The A. Raja and 2G spectrum allocation scandal holds many lessons for managing scarce natural resources in India. Pricing these resources in an efficient and transparent manner is important for continued growth.
This is important for otherwise the danger of Indian economy freezing to a halt is very real. Fifteen years ago, the South-east Asian “tigers” were the cynosure of the world. And in many respects India’s economy is not different from that of Indonesia, Malaysia and Thailand. Yet today, these tigers are merely chugging along. Their economic roar of the 1990s is a mere memory.
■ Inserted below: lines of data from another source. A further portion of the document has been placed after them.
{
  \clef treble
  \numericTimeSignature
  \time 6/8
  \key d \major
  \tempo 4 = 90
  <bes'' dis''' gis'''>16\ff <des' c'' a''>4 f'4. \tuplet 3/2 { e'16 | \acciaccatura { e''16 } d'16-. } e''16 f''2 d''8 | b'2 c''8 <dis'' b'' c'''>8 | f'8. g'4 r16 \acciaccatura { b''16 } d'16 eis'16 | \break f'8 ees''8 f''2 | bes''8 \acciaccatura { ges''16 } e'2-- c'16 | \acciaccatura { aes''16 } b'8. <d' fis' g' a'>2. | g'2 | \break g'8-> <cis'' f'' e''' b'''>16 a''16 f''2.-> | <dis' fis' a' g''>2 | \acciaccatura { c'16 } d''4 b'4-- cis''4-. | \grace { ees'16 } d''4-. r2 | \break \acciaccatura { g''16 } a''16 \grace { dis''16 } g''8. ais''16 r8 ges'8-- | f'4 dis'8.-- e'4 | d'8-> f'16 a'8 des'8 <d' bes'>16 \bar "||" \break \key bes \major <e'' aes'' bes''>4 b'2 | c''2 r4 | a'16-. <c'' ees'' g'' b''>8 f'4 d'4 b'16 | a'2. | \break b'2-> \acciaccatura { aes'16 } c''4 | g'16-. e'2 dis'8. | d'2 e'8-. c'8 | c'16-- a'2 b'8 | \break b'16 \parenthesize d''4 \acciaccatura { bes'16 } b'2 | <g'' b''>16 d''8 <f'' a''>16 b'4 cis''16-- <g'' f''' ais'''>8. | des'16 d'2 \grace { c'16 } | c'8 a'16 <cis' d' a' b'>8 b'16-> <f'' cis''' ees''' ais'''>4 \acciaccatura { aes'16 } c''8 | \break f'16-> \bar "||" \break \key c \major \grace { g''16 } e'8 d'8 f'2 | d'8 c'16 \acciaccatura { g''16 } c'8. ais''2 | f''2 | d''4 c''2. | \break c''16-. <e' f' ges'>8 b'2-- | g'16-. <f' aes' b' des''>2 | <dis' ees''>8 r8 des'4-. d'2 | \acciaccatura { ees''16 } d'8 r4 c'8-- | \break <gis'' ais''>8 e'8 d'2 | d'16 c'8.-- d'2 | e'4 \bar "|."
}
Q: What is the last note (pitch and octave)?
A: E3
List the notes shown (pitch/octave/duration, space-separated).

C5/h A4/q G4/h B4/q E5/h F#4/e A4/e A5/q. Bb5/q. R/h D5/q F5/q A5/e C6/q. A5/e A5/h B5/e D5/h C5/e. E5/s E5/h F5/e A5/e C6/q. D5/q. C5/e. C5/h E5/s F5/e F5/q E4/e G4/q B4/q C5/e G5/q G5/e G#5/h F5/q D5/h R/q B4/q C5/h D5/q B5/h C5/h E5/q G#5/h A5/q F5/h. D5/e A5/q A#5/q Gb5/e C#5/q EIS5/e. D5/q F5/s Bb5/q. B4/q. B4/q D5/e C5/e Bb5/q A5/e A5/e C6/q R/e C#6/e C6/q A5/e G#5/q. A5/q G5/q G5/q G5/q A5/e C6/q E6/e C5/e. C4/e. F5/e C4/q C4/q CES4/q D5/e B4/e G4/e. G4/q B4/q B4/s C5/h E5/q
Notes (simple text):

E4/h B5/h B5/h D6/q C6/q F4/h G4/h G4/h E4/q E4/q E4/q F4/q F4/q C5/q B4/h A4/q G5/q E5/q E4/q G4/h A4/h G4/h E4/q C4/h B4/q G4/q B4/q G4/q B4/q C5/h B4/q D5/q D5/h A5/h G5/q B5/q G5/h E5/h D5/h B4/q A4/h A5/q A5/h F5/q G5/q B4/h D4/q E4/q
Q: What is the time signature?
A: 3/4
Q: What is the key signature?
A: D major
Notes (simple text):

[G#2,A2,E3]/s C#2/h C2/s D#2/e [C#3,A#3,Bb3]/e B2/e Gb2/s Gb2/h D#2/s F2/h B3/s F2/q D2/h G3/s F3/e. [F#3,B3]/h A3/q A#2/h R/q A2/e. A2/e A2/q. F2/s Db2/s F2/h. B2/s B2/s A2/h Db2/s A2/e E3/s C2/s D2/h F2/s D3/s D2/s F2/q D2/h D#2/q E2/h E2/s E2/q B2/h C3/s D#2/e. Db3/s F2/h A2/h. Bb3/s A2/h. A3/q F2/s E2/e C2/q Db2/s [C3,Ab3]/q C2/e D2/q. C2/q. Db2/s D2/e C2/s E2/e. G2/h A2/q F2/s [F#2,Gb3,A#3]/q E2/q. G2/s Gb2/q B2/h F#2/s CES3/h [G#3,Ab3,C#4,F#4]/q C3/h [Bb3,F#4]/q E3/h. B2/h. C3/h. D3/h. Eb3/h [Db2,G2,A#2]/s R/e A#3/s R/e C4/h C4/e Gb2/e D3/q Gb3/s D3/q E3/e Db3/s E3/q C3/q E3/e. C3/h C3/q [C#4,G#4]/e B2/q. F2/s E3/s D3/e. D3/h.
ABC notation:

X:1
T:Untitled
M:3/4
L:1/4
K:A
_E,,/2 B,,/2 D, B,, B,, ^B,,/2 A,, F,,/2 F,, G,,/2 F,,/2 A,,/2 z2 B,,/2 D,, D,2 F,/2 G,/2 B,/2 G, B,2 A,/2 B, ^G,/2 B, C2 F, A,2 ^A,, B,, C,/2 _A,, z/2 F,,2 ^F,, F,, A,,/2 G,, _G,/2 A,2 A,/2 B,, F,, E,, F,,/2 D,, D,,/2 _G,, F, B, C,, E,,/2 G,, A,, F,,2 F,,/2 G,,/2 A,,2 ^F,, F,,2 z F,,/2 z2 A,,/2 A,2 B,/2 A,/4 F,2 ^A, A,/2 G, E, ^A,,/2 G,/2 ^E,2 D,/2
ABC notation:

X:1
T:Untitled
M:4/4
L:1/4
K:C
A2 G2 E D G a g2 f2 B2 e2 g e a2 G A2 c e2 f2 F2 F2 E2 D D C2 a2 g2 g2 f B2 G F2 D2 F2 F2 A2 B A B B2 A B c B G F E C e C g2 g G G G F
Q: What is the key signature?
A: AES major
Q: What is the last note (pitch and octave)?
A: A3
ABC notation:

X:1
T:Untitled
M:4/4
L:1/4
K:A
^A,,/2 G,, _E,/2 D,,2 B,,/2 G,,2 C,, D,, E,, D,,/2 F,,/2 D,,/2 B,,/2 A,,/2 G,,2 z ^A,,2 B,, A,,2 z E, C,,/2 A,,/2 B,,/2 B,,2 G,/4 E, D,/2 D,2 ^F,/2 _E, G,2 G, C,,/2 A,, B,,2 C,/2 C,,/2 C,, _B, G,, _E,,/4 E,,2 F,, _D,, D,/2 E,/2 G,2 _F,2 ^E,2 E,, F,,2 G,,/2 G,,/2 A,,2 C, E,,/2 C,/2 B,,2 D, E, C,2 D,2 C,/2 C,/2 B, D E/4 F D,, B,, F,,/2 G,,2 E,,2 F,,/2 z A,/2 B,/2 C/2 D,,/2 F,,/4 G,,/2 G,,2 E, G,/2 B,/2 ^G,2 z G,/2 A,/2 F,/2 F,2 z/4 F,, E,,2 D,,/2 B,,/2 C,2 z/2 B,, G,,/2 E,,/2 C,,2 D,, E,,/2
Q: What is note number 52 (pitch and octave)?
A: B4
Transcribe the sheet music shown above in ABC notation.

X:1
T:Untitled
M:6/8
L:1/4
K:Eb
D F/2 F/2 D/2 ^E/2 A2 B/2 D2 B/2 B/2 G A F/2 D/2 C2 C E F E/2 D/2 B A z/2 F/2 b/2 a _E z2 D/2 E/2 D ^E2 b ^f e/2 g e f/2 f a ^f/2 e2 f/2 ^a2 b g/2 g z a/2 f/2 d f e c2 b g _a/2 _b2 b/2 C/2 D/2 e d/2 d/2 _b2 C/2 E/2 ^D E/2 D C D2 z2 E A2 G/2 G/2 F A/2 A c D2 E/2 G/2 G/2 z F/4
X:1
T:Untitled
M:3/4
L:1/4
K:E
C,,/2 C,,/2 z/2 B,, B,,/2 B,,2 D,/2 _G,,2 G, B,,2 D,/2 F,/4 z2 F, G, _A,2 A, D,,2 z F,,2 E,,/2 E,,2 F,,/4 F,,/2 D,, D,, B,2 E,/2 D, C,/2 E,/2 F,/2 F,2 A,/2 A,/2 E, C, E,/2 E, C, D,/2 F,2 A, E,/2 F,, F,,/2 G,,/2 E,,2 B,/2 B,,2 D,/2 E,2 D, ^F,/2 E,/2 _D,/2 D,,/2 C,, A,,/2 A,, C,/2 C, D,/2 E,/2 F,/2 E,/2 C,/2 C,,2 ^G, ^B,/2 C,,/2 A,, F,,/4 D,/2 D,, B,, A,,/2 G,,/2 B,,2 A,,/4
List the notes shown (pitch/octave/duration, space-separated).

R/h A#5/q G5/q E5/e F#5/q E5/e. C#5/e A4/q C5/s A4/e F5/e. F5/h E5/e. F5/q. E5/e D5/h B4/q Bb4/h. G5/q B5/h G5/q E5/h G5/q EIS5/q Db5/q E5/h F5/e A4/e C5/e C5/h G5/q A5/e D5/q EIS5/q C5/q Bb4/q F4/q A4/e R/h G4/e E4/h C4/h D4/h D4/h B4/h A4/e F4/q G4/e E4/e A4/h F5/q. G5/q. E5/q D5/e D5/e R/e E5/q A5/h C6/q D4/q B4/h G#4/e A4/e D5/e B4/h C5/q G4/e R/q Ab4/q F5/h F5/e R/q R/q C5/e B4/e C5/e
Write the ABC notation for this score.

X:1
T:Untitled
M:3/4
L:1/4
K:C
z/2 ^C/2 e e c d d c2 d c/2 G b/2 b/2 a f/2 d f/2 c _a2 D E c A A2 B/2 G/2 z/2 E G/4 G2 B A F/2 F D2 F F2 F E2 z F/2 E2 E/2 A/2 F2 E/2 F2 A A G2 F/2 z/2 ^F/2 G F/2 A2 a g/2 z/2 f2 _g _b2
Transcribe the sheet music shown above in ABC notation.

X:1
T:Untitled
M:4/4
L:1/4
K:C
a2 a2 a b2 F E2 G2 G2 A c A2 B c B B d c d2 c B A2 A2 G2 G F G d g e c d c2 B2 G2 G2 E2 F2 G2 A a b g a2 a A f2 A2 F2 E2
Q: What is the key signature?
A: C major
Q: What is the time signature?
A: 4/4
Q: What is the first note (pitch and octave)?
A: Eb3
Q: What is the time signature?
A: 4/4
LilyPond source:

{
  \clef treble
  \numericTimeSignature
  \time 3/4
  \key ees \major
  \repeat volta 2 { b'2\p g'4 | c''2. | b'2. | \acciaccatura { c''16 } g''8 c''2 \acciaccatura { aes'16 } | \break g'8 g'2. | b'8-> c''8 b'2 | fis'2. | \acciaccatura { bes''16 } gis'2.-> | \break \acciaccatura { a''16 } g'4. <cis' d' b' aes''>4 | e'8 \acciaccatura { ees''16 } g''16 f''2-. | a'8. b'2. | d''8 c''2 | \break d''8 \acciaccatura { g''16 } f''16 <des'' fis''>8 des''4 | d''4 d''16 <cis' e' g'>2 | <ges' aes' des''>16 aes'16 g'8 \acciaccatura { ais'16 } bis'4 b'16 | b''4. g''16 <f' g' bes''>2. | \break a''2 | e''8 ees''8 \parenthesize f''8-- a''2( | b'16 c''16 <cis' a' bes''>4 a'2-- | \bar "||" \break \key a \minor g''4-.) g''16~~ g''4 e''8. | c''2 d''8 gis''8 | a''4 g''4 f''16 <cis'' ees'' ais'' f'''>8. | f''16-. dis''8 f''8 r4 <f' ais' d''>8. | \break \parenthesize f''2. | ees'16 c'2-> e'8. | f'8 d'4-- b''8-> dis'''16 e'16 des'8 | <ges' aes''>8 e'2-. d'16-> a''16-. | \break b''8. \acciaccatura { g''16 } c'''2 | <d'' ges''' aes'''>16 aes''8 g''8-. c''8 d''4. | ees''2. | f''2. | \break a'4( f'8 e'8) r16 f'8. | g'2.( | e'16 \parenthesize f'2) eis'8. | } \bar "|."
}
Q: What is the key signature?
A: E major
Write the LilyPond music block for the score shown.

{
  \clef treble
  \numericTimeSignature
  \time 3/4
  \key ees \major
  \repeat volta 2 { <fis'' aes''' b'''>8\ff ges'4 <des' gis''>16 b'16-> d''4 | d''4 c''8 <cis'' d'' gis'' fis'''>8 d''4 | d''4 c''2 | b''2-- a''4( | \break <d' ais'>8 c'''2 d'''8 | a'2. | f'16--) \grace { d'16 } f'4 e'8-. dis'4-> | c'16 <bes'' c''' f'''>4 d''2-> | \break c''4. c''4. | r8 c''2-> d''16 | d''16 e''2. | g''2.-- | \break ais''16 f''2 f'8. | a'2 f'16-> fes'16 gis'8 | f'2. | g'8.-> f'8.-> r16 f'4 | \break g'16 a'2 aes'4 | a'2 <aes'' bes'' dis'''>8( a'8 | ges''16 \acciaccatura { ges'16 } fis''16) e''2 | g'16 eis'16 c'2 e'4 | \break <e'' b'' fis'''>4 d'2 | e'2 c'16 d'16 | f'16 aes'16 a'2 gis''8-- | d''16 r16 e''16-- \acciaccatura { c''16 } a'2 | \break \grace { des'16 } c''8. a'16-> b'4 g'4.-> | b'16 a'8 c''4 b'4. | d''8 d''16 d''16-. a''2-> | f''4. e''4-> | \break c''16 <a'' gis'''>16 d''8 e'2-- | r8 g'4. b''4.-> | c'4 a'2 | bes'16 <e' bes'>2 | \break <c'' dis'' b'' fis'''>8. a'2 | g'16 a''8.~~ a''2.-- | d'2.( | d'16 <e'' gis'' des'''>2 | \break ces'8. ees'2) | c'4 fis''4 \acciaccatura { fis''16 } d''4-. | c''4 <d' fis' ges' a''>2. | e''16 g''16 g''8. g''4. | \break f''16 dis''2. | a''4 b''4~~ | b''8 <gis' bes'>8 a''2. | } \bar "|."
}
One way to take care of the problem would be to simply end any discretionary powers in the hands of the government: All land, spectrum, mines, minerals and other exhaustible resources should simply be auctioned to the highest bidder. The government should simply have no role in fixing prices of these resources. In fact even fixing the principles of price discovery should be taken away from government ministers and handed over to independent regulators. It’s easy to keep a check over independent regulators—imposition of stiff jail sentences by special tribunals with vastly simplified procedural standards of evidence is enough to instil honesty even among the unrepentant.
If this is not done, the danger is that any pricing mechanism will lead to rents accruing to unscrupulous players. For example, as has been seen in the case of many telecom licensees and holders of spectrum, it is easy to make money by first purchasing these resources at throwaway prices and then make a killing by selling them to a third party at the actual economic cost of the resource. This is rent-seeking pure and simple. There is simply no way for the government to estimate the correct prices in an honest way: Our system is simply too corrupt to do that.
Doing this is not easy.Politicians will resist any such move tooth and nail. After all who would want to give away income garnered by corrupt means. But consider the alternative: A few years of 9% plus growth followed by a return to a low-growth equilibrium in the face of a growing working-age population. This is a perfect recipe for social unrest, if not anarchy.
At the moment, the country is moving in the opposite direction—ministerial interventions in pricing decisions are on the rise in the name of social justice and other objectives. Taxing profits or making companies share profits with locals (in the mining sector, for example) runs counter to this desirable non-interventionist trend.